A Practical Guide to Kenya’s Small Claims Court: Claims, Rent Disputes & Appeals
If you’re dealing with a simple financial dispute — unpaid work, a withheld deposit, faulty goods, or minor damage — Kenya’s Small Claims Court (SCC) is often the fastest, cheapest option. This guide explains what you can file, what you can’t, how rent issues are currently treated, and where appeals go. It’s written for both claimants and respondents in plain language so you can act confidently.
What is the Small Claims Court?
The Small Claims Court was created by the Small Claims Court Act, 2016 to provide an informal, low-cost forum for many everyday civil and commercial disputes. It aims for speed (cases are expected to move quickly), simplified procedure (relaxed rules of evidence), and accessibility (low fees, self-representation is allowed).

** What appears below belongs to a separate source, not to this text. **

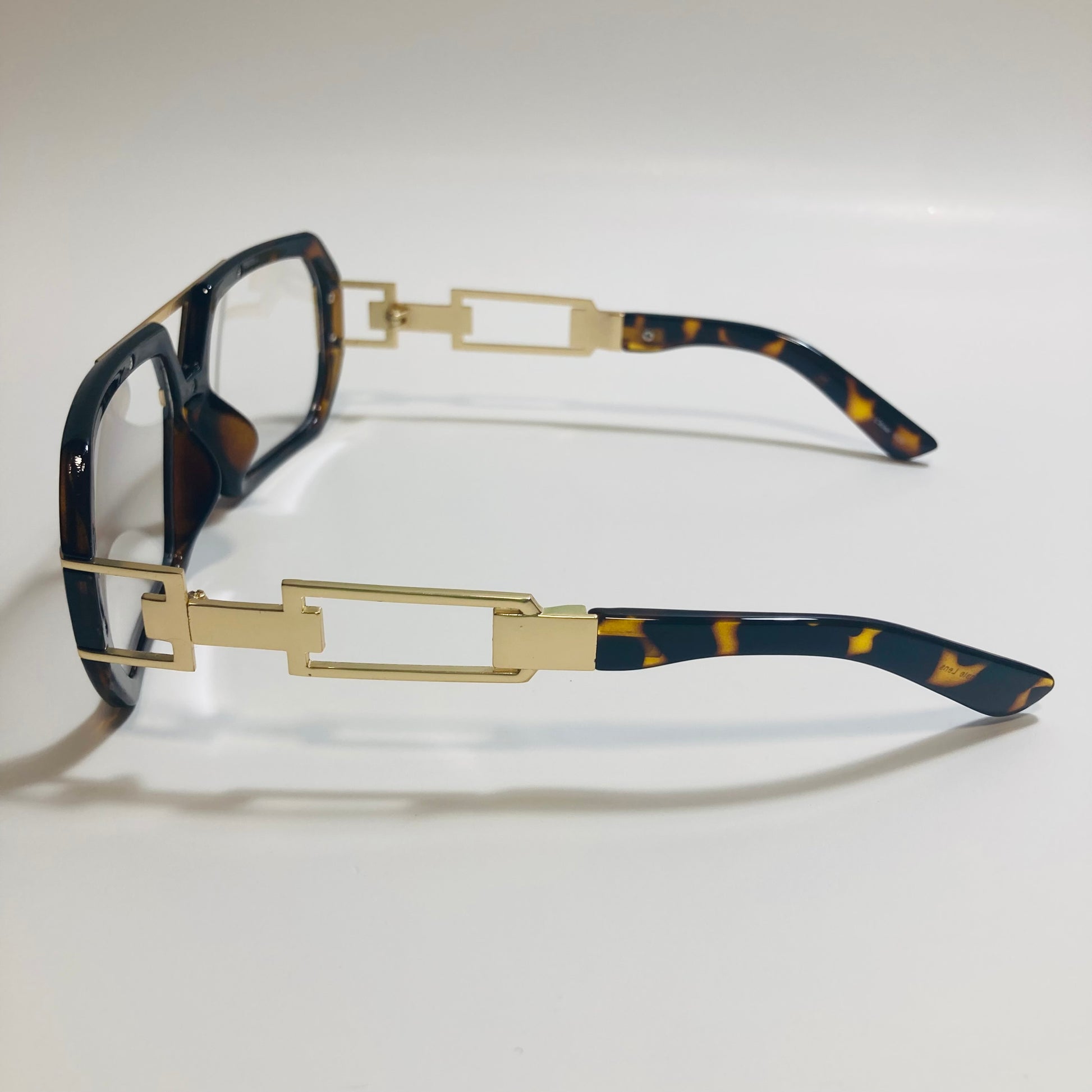 mens and womens brown and gold gazelle glasses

What the SCC commonly hears
The SCC handles a range of money-related disputes provided they fall within its statutory scope and monetary limit. Typical examples include:
- Contract claims — unpaid services, breach of a small contract, defective goods.
- Money held or received — security deposits, mistaken payments, advances not returned.
- Tort claims for damage to movable property — compensation for damaged items.
- Recovery of movable property — return of tools, electronics, or other personal property.
- Small personal injury claims — minor injuries where the damages fall within the SCC limit.
- Set-offs and counterclaims arising from the same contract or transaction.
Under current practice, the usual pecuniary limit is KSh 1,000,000 (one million), subject to change by judicial notice.
What the SCC won’t usually hear — rent and landlord-tenant matters
Rent disputes are one of the trickiest areas. Recent High Court decisions have clarified that many rent-related claims do not fall within the SCC’s jurisdiction.
Key points from recent case law:
- Where a claim is essentially about rent arrears or other landlord-tenant rights, the SCC will often be held to lack jurisdiction. See the High Court rulings clarifying that landlord-tenant disputes are governed by landlord–tenant law and, depending on the issue, are more appropriately handled in specialized forums or the Environment & Land Court. Refer to the High Court decision linked here for the deposit/rent clarification: Muhanda v LP Holdings Ltd (2025).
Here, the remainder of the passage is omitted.